His middle-class family put up no resistance to his early decision to take up painting. At the start he was influenced by Monet -- at that time not yet widely appreciated as an artist -- and in 1884, at the age of twenty-one, he became one of the founders of the Société des Artistes Indépendants with Georges Seurat and others, and exhibited for the first time in their Salon. Seurat and Signac became intimate friends and were soon to collaborate in formulating the theories of Neo-Impressionism, the most important and revolutionary art movement of the late nineteenth century. They quickly rallied to the cause a small circle of friends of varying degrees of talent, such as Camille Pissarro and his son Lucien, Henri-Edmond Cross, Maximilien Luce, Charles Angrand, Hippolyte Petitjean, Theo van Rysselberghe, Albert Dubois-Pillet and a few others. Signac was the driving force of the group, trying at all costs to attract adherents, untiringly professing his creed in discussions and by letter. After the premature death of Seurat in 1891 he undertook the difficult task of continuing the struggle for their ideals as leader of the group.

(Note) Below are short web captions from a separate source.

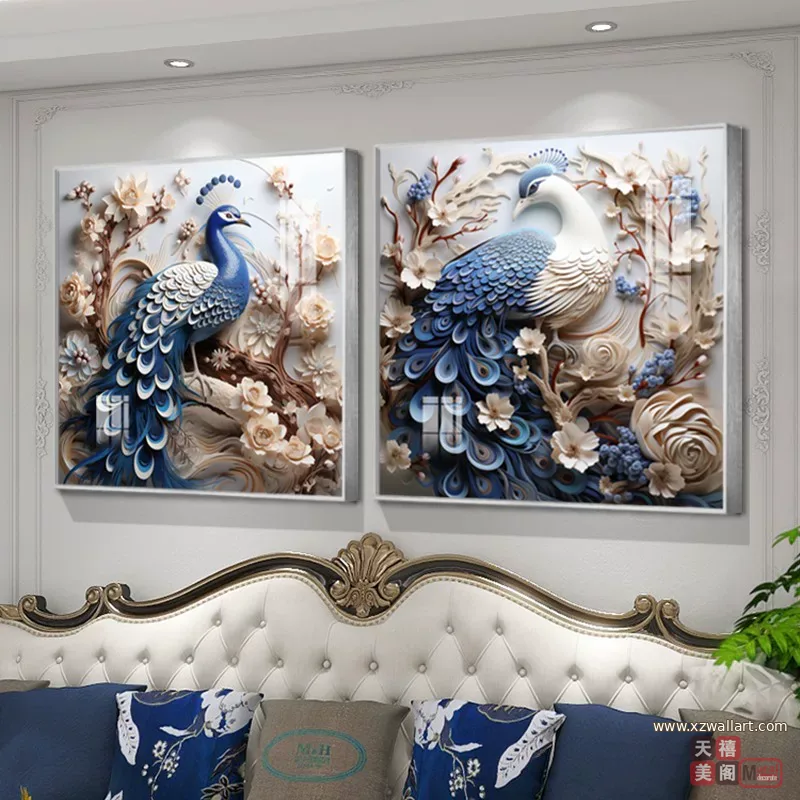 抽象 单幅 装饰画 美式 客厅背景墙挂画 晶瓷画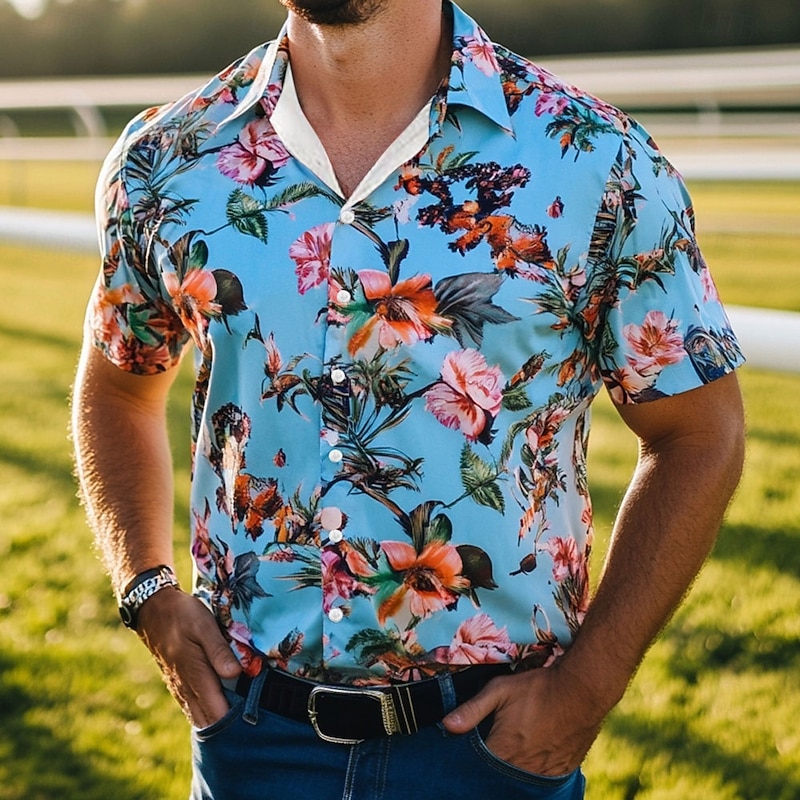 Men's Floral Print Flowers Summer Hawaiian Shirt Button Up Shirt Short Sleeve Hawaiian Resort Vacation Holiday Beach Wear Summer Spring Turndown 3D Print Collared Shirts Blue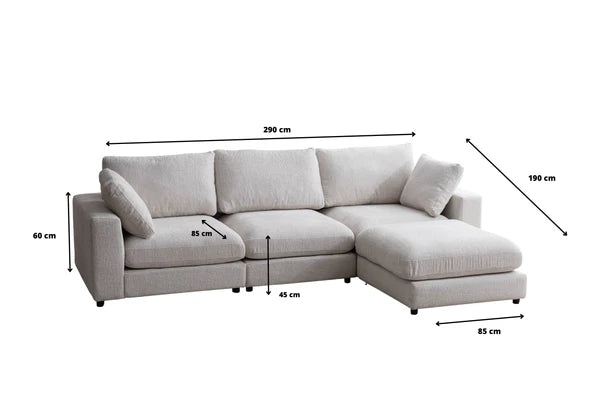 Canapé modulable julia - tissus chenille 3+1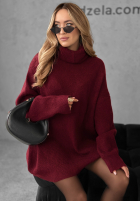 Sweter z golfem Mavi burgundowy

Signac had a passion for sailing, which led him to visit and paint nearly all the French ports. He sailed to Holland and Corsica, travelled to the Alps, Italy and Constantinople. For many years his base was Saint-Tropez, which he 'discovered' as he also 'discovered' Port-en-Bessin, Collioure, etc. From all these ports of call he brought back innumerable water colours, in which line and vibrant colour fuse spontaneously to seize the changing aspects of nature. Afterwards, in the studio, he used these quick sketches for the preparation and execution of large canvases, in which his aim was to balance the different elements of nature in order to achieve what he called 'the most harmonious, luminous and colourful result possible'. Félix Fénéon, a friend of Signac's from the start, described his paintings: 'His colourings spread out in spacious waves, tone down, meet, fuse, and form a polychromatic design similar to a linear arabesque. To express these harmonies and oppositions he uses only pure colours. Arranging these on his palette in the order of the spectrum, the painter mixes only contiguous colours, thus as far as possible obtaining the colours of the prism, adding white to graduate their tone scale. He juxtaposes these dabs of paint on the canvas, their interplay corresponding to local colour, light, and varying shadows. The eye will perceive them mixed optically.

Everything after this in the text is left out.